Sehingga mereka meninggalkan (do’a-do’a) yang terdapat dalam al-Qur’an, berpaling dari berbagai do’a yang berasal dari Rasulullah shallallahu ‘alaihi wa sallam. Setiap Thoriqot memiliki wirid-wirid khusus yang dibaca dengan metode tertentu, sehingga setiap thoriqot Sufi memiliki kumpulan wirid dan hizb khusus. Setiap kelompok saling membanggakan wirid dan hizib yang dimiliki dan berkeyakinan bahwa wirid tersebut lebih afdhal daripada wirid yang dimiliki Thoriqot Sufi yang lain.” (Kitab Fiqhul Ad’iyati wal Adzkar: 2/ 54).

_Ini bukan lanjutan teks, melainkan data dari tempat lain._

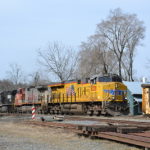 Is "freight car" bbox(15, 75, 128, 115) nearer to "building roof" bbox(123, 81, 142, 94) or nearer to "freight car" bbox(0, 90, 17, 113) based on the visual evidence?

 Lalu bagaimana dengan kita, sudahkah kita koreksi rangkaian do’a-do’a yang biasa kita baca sehari-hari? Sudahkah sesuai dengan yang diajarkan Allah dan Rasul-Nya? Atau kita masih lebih suka dengan do’a hasil rangkaian sendiri atau hasil inovasi guru spiritual yang kita kagumi, akhirnya kita mengabaikan ajaran Allah dan Rasul-Nya, dan kita malas menghafal kalimat do’a yang telah diajarkan Allah dan Rasul-Nya? Belum telat rasanya kalau sekarang kita melakukan koreksi. Walllohu a’lam.